The model is composed of a Dense layer to lift a (d + 1)-dimensional vector field to an n-dimensional vector field, an integral kernel operator which consists of four Fourier kernels, and two Dense layers to project data back to the scalar field of the space of interest.

Arguments

• σ: Activation function for all layers in the model.

Keyword Arguments

• chs: A Tuple or Vector of the size of each of the 8 channels.
• modes: The modes to be preserved. A tuple of length d, where d is the dimension of data. For example, one-dimensional data would have a 1-element tuple, and two-dimensional data would have a 2-element tuple.

Example

julia> fno = FourierNeuralOperator(gelu; chs=(2, 64, 64, 128, 1), modes=(16,));

julia> ps, st = Lux.setup(Xoshiro(), fno);

julia> u = rand(Float32, 1024, 2, 5);

julia> size(first(fno(u, ps, st)))
(1024, 1, 5)

OperatorConv(
    ch::Pair{<:Integer, <:Integer}, modes::Dims, tr::AbstractTransform;
    init_weight=glorot_uniform
)

Arguments

• ch: A Pair of input and output channel size ch_in => ch_out, e.g. 64 => 64.
• modes: The modes to be preserved. A tuple of length d, where d is the dimension of data.
• tr: The transform to operate the transformation.

Keyword Arguments

• init_weight: Initial function to initialize parameters.

Example

julia> OperatorConv(2 => 5, (16,), FourierTransform{ComplexF32}((16,)));

SpectralConv(args...; kwargs...)

Construct a OperatorConv with FourierTransform{ComplexF32} as the transform. See OperatorConv for the individual arguments.

Example

julia> SpectralConv(2 => 5, (16,));

OperatorKernel(
    ch::Pair{<:Integer, <:Integer}, modes::Dims, transform::AbstractTransform,
    act=identity; kwargs...
)

Arguments

• ch: A Pair of input and output channel size ch_in => ch_out, e.g. 64 => 64.
• modes: The modes to be preserved. A tuple of length d, where d is the dimension of data.
• transform: The transform to operate the transformation.
• act: Activation function.

All the keyword arguments are passed to the OperatorConv constructor.

Example

julia> OperatorKernel(2 => 5, (16,), FourierTransform{ComplexF64}((16,)));

SpectralKernel(args...; kwargs...)

Construct a OperatorKernel with FourierTransform{ComplexF32} as the transform. See OperatorKernel for the individual arguments.

Example

julia> SpectralKernel(2 => 5, (16,));

GridEmbedding(grid_boundaries::Vector{<:Tuple{<:Real,<:Real}})

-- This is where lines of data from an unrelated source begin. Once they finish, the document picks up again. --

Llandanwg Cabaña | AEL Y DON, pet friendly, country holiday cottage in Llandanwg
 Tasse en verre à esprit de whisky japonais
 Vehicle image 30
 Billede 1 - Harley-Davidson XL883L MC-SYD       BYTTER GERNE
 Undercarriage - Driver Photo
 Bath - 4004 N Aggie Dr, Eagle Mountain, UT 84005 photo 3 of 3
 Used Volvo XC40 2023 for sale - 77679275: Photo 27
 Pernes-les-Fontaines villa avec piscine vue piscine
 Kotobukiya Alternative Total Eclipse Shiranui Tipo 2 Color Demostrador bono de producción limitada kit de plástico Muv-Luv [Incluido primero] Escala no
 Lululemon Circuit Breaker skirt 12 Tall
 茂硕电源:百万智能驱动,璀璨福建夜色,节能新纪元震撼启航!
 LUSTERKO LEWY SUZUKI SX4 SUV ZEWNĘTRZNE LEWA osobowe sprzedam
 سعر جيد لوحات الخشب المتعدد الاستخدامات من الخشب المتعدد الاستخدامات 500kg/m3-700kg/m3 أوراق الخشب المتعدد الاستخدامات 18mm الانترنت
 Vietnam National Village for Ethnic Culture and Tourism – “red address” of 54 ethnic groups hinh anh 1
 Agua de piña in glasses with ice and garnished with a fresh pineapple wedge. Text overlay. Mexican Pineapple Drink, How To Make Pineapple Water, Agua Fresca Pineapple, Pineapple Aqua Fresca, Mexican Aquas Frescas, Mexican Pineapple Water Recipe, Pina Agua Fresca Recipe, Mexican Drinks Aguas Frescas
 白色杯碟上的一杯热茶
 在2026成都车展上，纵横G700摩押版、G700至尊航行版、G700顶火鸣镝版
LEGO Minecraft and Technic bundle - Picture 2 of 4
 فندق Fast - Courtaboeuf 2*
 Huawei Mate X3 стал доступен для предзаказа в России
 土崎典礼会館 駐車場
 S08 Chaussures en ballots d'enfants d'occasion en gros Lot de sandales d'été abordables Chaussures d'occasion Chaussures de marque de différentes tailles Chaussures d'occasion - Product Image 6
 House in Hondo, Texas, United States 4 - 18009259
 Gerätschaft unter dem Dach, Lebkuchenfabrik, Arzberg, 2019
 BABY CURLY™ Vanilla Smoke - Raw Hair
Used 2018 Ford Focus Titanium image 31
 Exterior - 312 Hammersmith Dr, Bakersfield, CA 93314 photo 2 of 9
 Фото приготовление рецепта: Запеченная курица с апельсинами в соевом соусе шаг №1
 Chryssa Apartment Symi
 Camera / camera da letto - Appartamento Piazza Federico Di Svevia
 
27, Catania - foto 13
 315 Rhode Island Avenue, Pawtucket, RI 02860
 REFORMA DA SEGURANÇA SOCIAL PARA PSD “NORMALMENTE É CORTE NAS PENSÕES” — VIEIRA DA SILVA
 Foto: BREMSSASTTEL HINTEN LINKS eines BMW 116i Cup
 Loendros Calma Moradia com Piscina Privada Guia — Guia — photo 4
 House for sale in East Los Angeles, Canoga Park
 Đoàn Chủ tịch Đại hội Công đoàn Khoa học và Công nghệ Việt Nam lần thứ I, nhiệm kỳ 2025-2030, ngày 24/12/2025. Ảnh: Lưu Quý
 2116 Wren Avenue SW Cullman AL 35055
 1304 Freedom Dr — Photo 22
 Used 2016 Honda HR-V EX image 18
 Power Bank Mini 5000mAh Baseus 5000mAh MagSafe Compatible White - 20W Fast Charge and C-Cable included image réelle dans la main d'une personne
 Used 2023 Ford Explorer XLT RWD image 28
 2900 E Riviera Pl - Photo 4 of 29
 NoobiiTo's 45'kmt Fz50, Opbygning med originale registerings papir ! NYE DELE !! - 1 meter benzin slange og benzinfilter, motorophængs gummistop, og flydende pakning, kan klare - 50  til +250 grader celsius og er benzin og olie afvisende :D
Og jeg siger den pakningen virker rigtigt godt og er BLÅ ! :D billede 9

Appends a uniform grid embedding to the input data along the penultimate dimension.

ComplexDecomposedLayer(layer::AbstractLuxLayer)

Decomposes complex activations into real and imaginary parts and applies the given layer to each component separately, and then recombines the real and imaginary parts.

SoftGating(chs::Integer, ndims::Integer; kwargs...)

Constructs a wrapper over Scale with dims = (ntuple(Returns(1), ndims)..., chs). All keyword arguments are passed to the Scale constructor.

AbstractTransform

Interface

• Base.ndims(<:AbstractTransform): N dims of modes
• transform(<:AbstractTransform, x::AbstractArray): Apply the transform to x
• truncate_modes(<:AbstractTransform, x_transformed::AbstractArray): Truncate modes that contribute to the noise
• inverse(<:AbstractTransform, x_transformed::AbstractArray): Apply the inverse transform to x_transformed

FourierTransform{T}(modes, shift::Bool=false)

A concrete implementation of AbstractTransform for Fourier transforms.

If shift is true, we apply a fftshift before truncating the modes.